NVIDIA has added three new technologies to its HGX AI supercomputing platform to help speed the new era of industrial AI and HPC: the NVIDIA A100 80GB PCIe GPU, NVIDIA NDR 400G InfiniBand networking, and NVIDIA Magnum IO GPUDirect Storage software. These technology additions would provide the high performance required for industrial HPC innovation when used together.
A100 80GB PCIe is powered by the NVIDIA Ampere architecture, which features Multi-Instance GPU (MIG) technology to deliver acceleration for smaller workloads such as AI inference. MIG allows HPC systems to scale compute and memory down with guaranteed quality of service. In addition to PCIe, there are four- and eight-way NVIDIA HGX A100 configurations.
Because of the A100 80GB PCIe’s huge memory capacity and high memory bandwidth, more data and larger neural networks can be stored in memory, reducing inter-node communication and energy consumption. It would help researchers to obtain better throughput and faster findings when combined with faster memory bandwidth, enhancing the value of their IT expenditures.

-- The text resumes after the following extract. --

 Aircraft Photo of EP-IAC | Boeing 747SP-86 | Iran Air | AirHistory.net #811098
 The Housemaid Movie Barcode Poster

NVIDIA Quantum-2 Modular Switches
NVIDIA InfiniBand, an offloadable in-network computing connection, boosts HPC server systems that demand unmatched data throughput. NDR InfiniBand increases performance in industrial and scientific HPC systems to tackle massive challenges. The NVIDIA Quantum-2 fixed-configuration switch systems would provide 3x more port density than HDR InfiniBand, with 64 ports of NDR 400Gb/s InfiniBand per port (or 128 ports of NDR200).

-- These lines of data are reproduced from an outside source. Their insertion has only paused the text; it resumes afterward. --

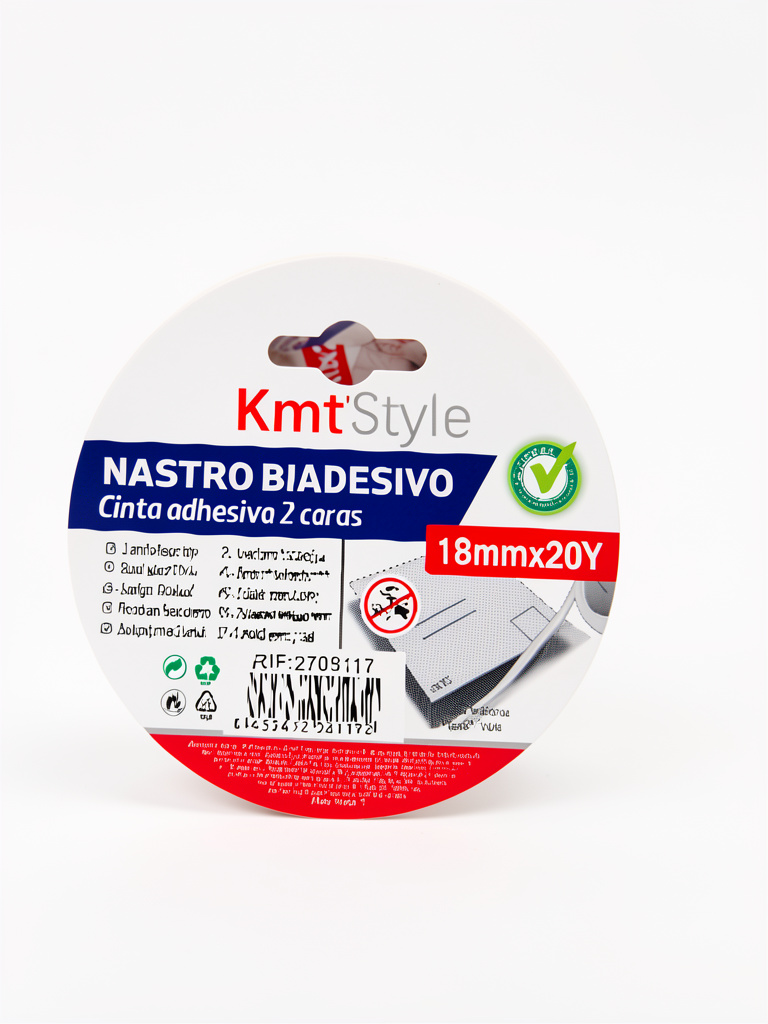 cinta adhesiva doble cara 18mm x 20y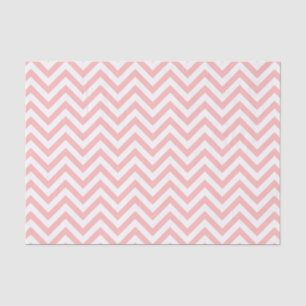Roze en witte zigzag Stripes Chevron Pattern Tissuepapier
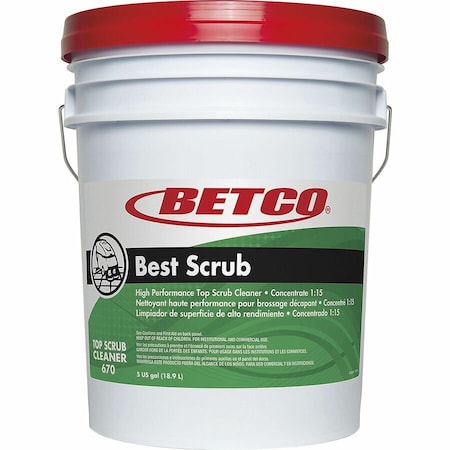 Betco Best Scrub High Performance Floor Cleaner, 5 gal 6700500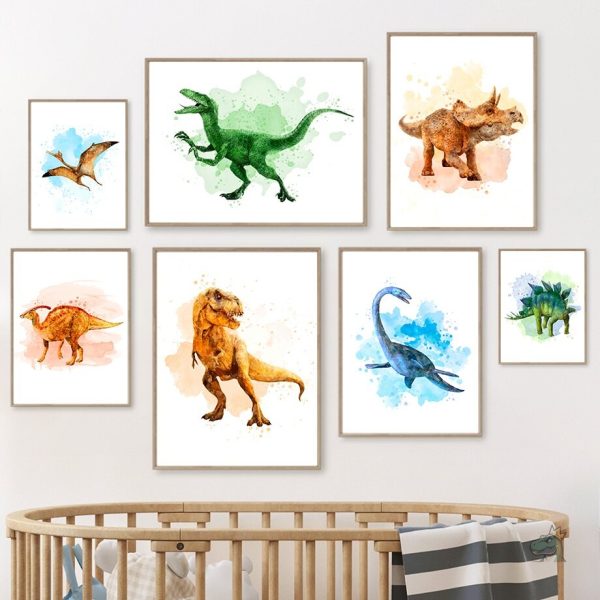 Poster dino ludique pour éveiller l'imagination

The NVIDIA Quantum-2 modular switches would offer scalable port configurations up to 2,048 NDR 400Gb/s InfiniBand ports (or 4,096 NDR200 ports) with a total bidirectional throughput of 1.64 petabits per second, which according to NVIDIA is “5 times faster” than the previous generation. With a DragonFly+ network architecture, the 2,048-port switch delivers 6.5x more scalability than the previous generation, with the capacity to link more than a million nodes in just three hops.

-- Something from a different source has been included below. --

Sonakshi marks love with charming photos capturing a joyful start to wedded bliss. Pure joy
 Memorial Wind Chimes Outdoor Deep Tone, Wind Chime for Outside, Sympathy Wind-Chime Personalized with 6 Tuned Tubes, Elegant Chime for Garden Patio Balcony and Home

The NVIDIA Quantum-2 switches, which are scheduled to be available by the end of the year, are backward and forward-compatible, allowing for easy transfer and extension of current systems and applications.
Magnum IO GPUDirect Storage, which is available now, would allow direct memory access between GPU memory and storage, delivering the highest performance for complex applications. The direct channel would allow programs to take advantage of decreased I/O latency and utilize the full capacity of network adapters while reducing CPU load and minimizing the impact of increasing data consumption.
“The HPC revolution started in academia and is rapidly extending across a broad range of industries,” said Jensen Huang, founder and CEO of NVIDIA. “Key dynamics are driving super-exponential, super-Moore’s law advances that have made HPC a useful tool for industries. NVIDIA’s HGX platform gives researchers unparalleled high performance computing acceleration to tackle the toughest problems industries face.”
Hundreds of global partners, including Atos, Dell Technologies, Hewlett Packard Enterprise (HPE), Lenovo, Microsoft Azure, and NetApp, use the NVIDIA HGX AI supercomputing platform for their systems and applications.